Art History 341
Italian Baroque Art

This course will be concerned with the emergence, development and decline of Italian Baroque art in the media of painting, sculpture, architecture and the graphic arts. While the emphasis is on painting, the other media will be of concern. The issue of patronage also will be treated. The course will begin with Rome, where the popes and their circle of influential patrons commissioned the work that artists interpreted throughout the peninsula. It will conclude with Venice, an independent Republic, that maintained its international prestige well into the eighteenth century. We shall touch on the arts of Naples, Genoa, and Florence, but we shall not be able to examine these important regional schools in any depth. The methodological approach to this class is a mixed one: style development; art patronage; gender studies; and religious and secular symbolism and allegory.

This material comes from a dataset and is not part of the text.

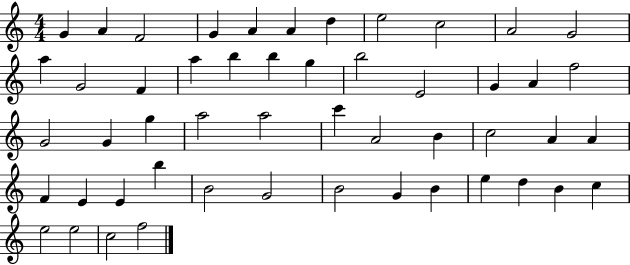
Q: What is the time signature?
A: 4/4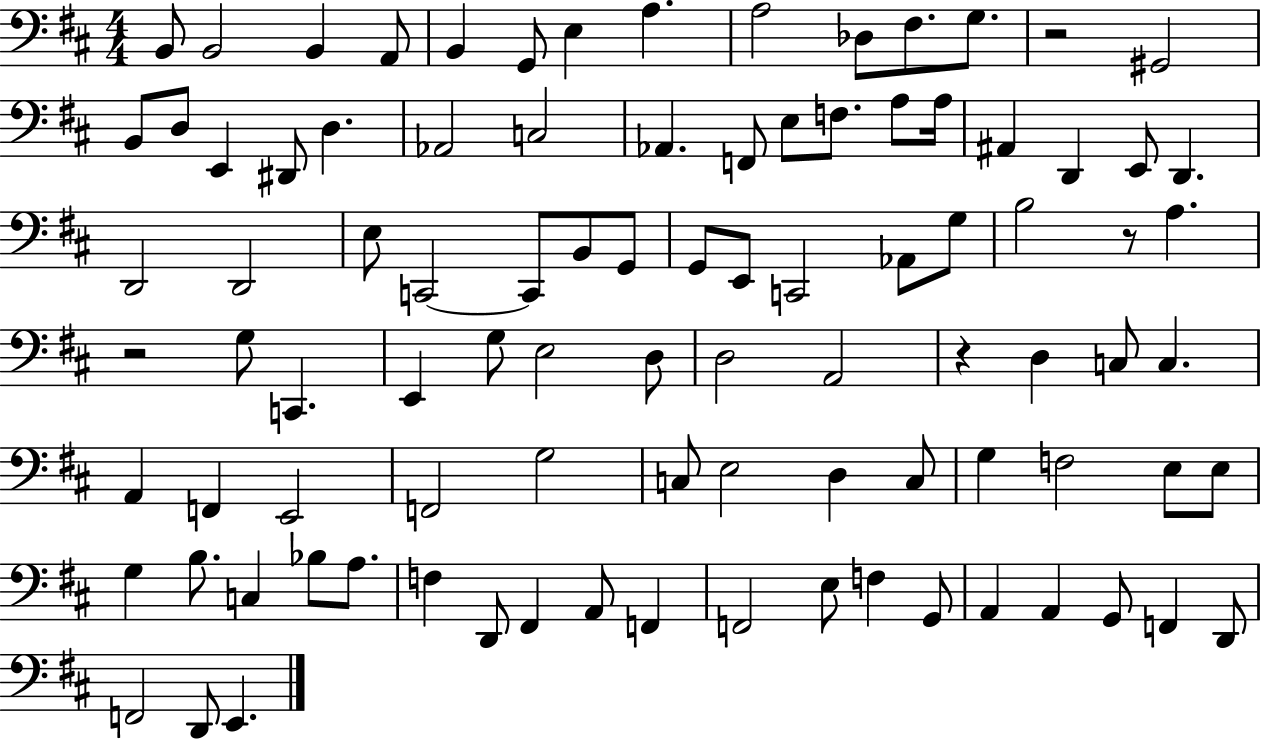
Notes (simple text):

Evaluation will be based on 1) one mid-term exam; 2) one final consisting of a second "6- week exam" and a cumulative essay; 3) one written critical evaluation (500 words) giving the argument of the author, the nature of the evidence used, and whether persuasive of one of the essays in your reading packet due at a time to be designated.

Your text books include R. Wittkower, Art and Architecture in Italy 1600-1750 [5th ed.]; R. Enggass and J. Brown, Italy and Spain 1600-1750, Sources and Documents; Francis Haskell, Patrons and Painters: Art and Society in Baroque Italy [2nd ed.], and a packet with syllabus and assigned essays from Bob's Copy Shop. A supplementary bibliography also will be on reserve in the Kohler Library. Course packet materials are usually so marked.

If anyone intends to take this course as a graduate student or an honors student, see me. You will have slightly different requirements.